§ **Instructions to follow**
When the line with "A fitness enthusiast" turns up below, begin repeating exactly, and carry on through the line with "Lámpara colgante HELEN"; no pictures go into the copy.

§ **Dataset excerpts**
BEGIN

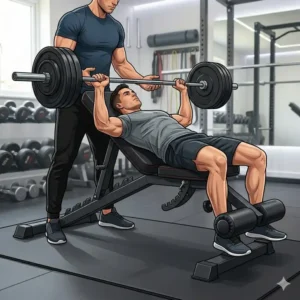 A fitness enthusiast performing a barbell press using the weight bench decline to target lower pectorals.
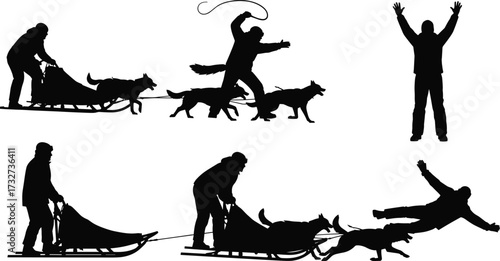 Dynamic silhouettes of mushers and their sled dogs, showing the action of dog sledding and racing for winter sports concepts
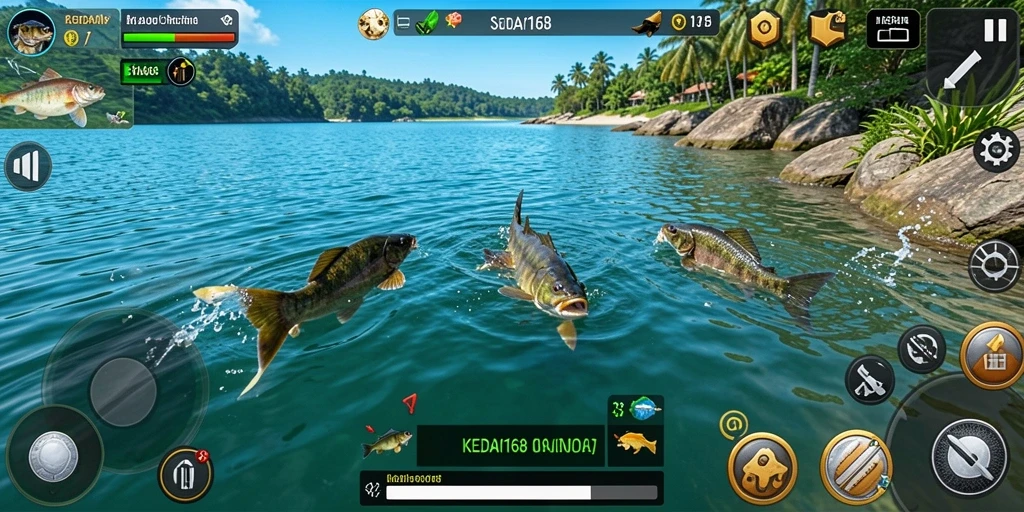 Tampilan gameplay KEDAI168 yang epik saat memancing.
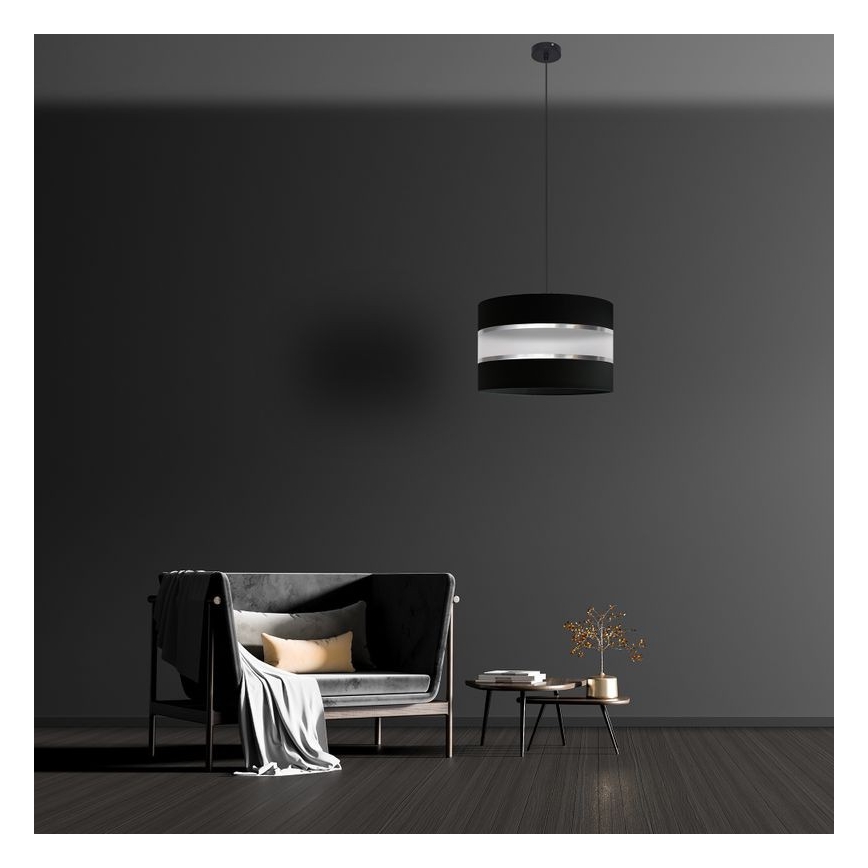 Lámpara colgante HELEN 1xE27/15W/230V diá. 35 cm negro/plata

END
BEGIN

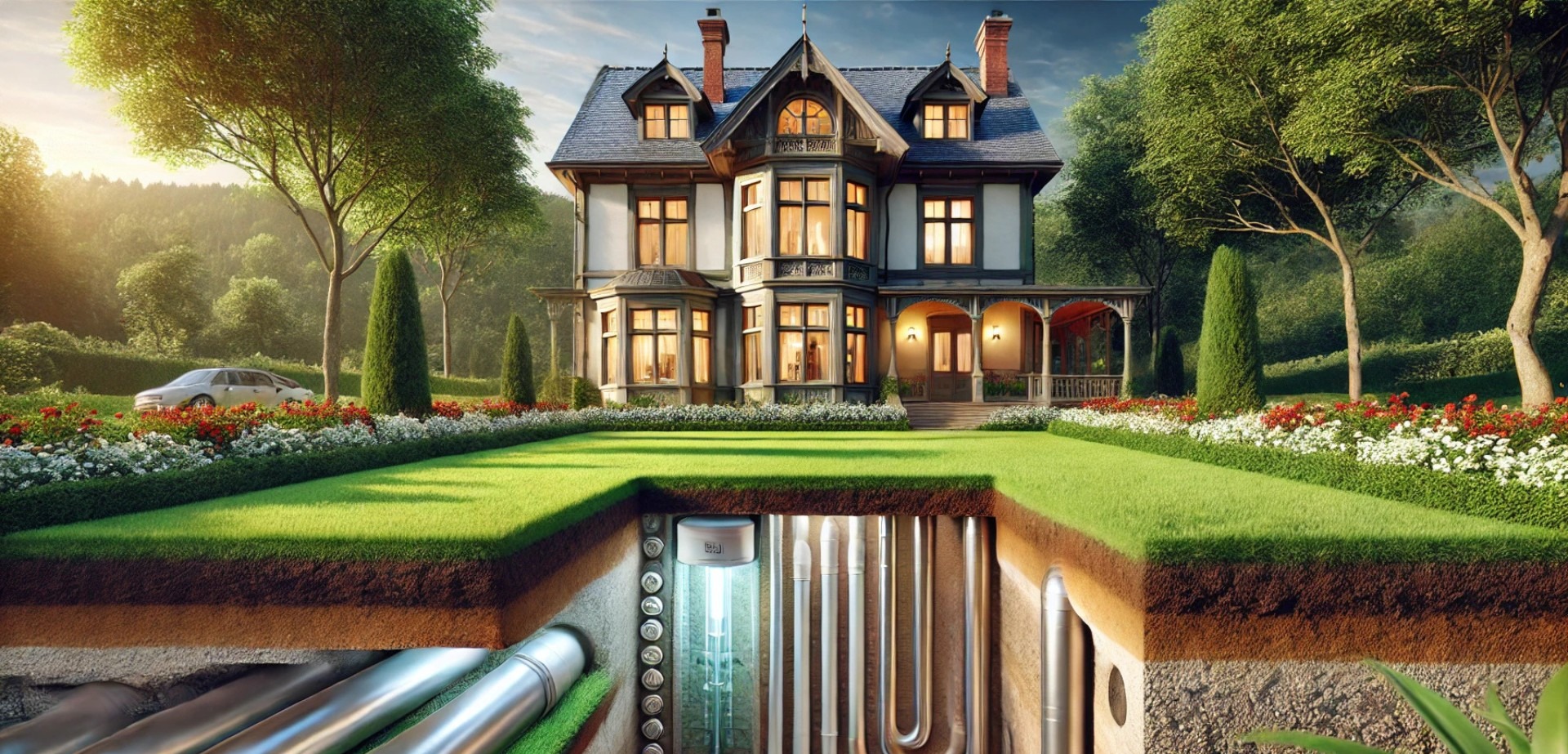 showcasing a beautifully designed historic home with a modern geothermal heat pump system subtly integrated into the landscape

END

§ **Exercise result**
 A fitness enthusiast performing a barbell press using the weight bench decline to target lower pectorals.
 Dynamic silhouettes of mushers and their sled dogs, showing the action of dog sledding and racing for winter sports concepts
 Tampilan gameplay KEDAI168 yang epik saat memancing.
 Lámpara colgante HELEN 1xE27/15W/230V diá. 35 cm negro/plata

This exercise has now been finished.